▶ **Directions**
Find the line with "Ein Mechaniker verwendet" in the data below. Repeat it and every line after it up to the end, exactly, but drop the pictures.

▶ **Data for this exercise**
____

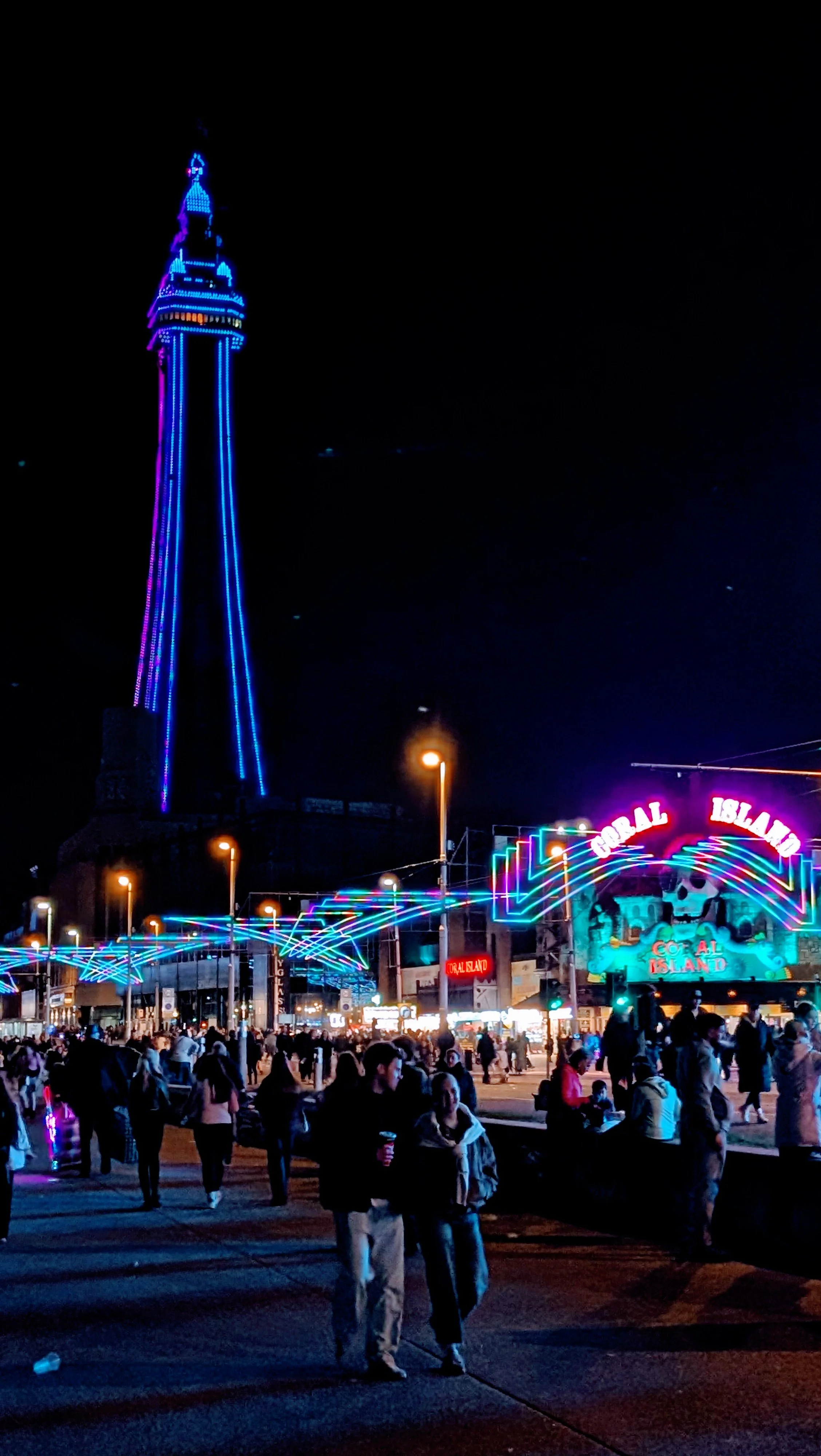Crowd of people at a night fair or carnival, with a brightly lit tower and colorful neon lights in the background, including the sign 'Coral Island'.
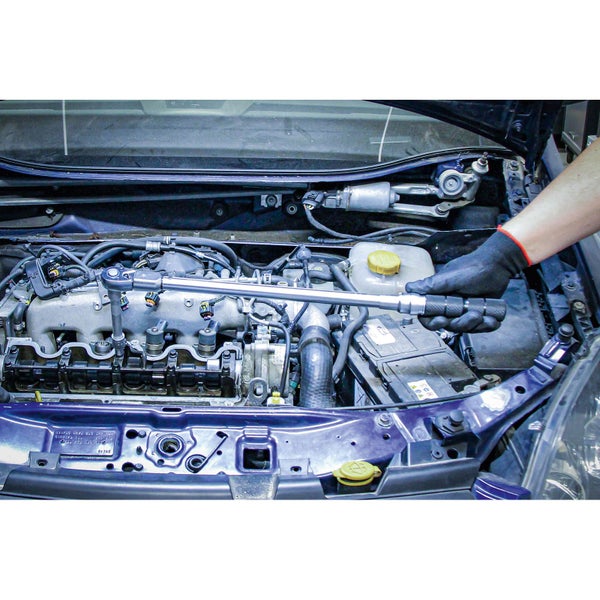 Ein Mechaniker verwendet einen Drehmomentschlüssel, um an einem Automotor zu arbeiten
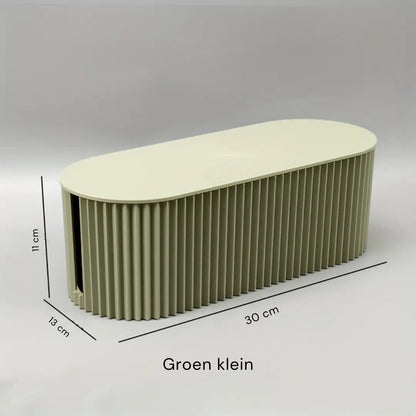 Stilren kabelorganiseringsboks i moderne design, perfekt til at holde dine kabler skjult og organiseret i hjemmet.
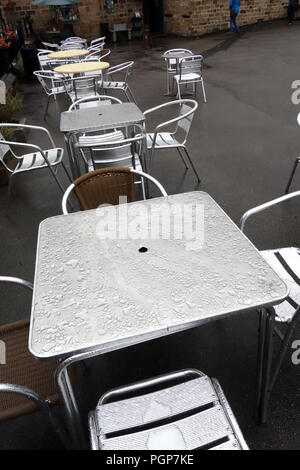 L'acqua piovana globuli di acqua a depositare su cafe tavole metalliche a Yorkshire Centro di antiquariato, Inghilterra Foto Stock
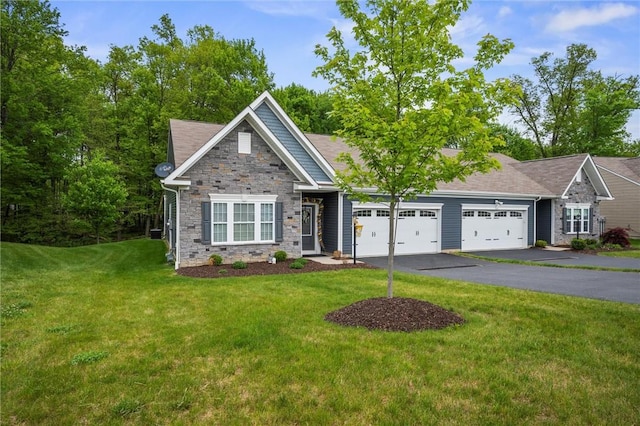 view of front of house with a garage, stone siding, a front yard, and asphalt driveway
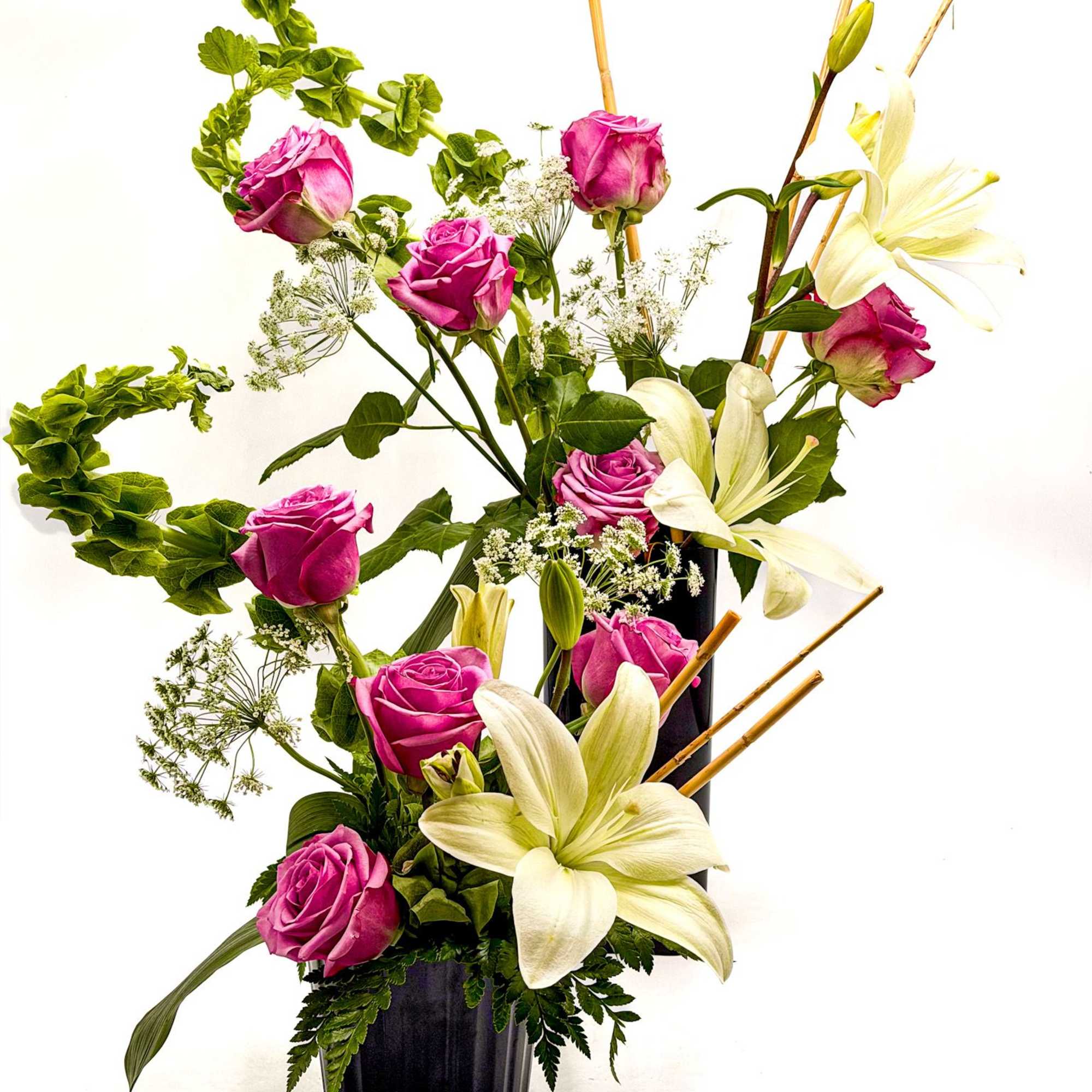 A graceful blend of lavender roses and elegant white lilies creates a, photo 2 of 2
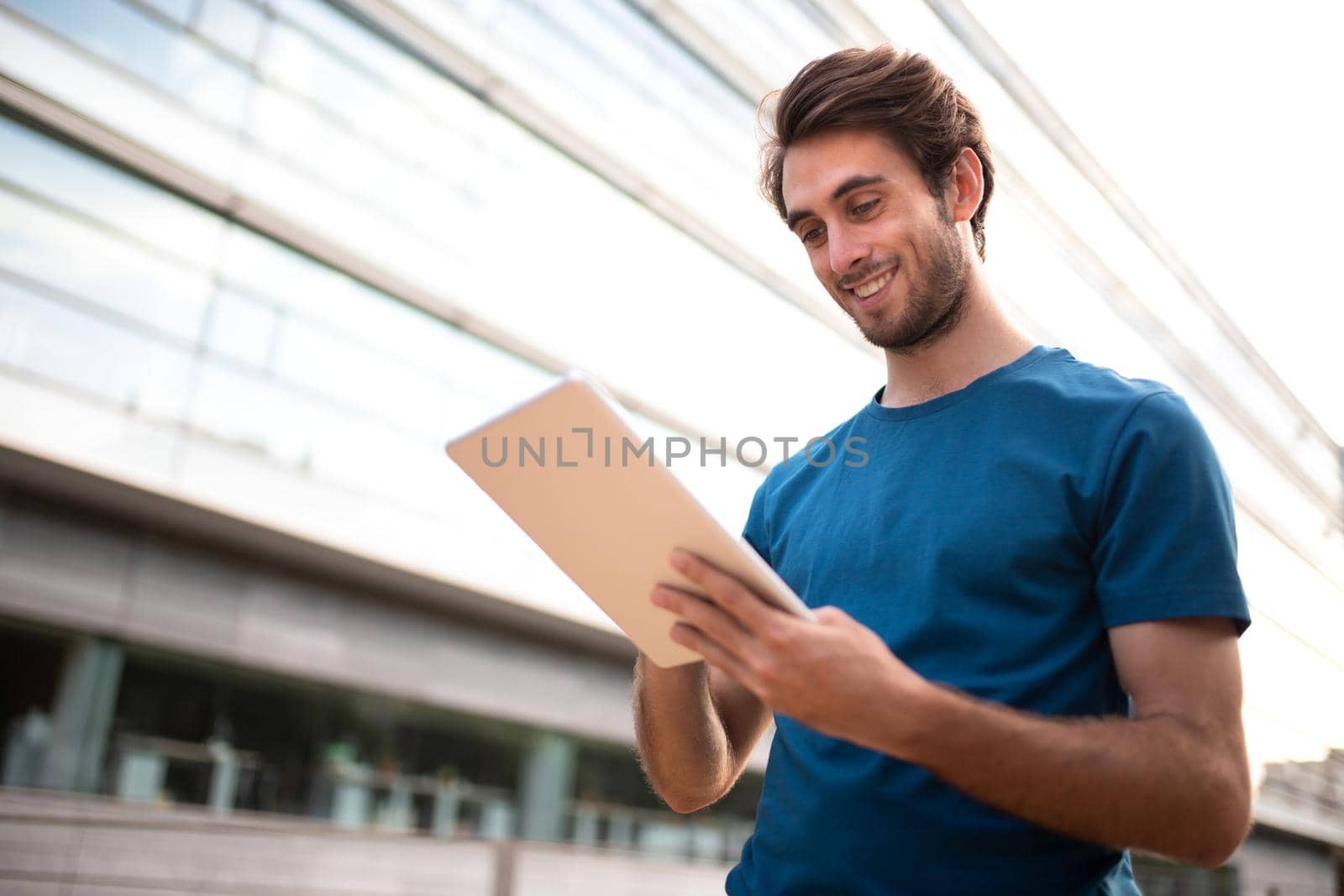 Young caucasian man using digital tablet in business center of city. Copy space. by Hoverstock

____

▶ **Response for this exercise**
 Ein Mechaniker verwendet einen Drehmomentschlüssel, um an einem Automotor zu arbeiten
 Stilren kabelorganiseringsboks i moderne design, perfekt til at holde dine kabler skjult og organiseret i hjemmet.
 L'acqua piovana globuli di acqua a depositare su cafe tavole metalliche a Yorkshire Centro di antiquariato, Inghilterra Foto Stock
 view of front of house with a garage, stone siding, a front yard, and asphalt driveway
 A graceful blend of lavender roses and elegant white lilies creates a, photo 2 of 2
 Young caucasian man using digital tablet in business center of city. Copy space. by Hoverstock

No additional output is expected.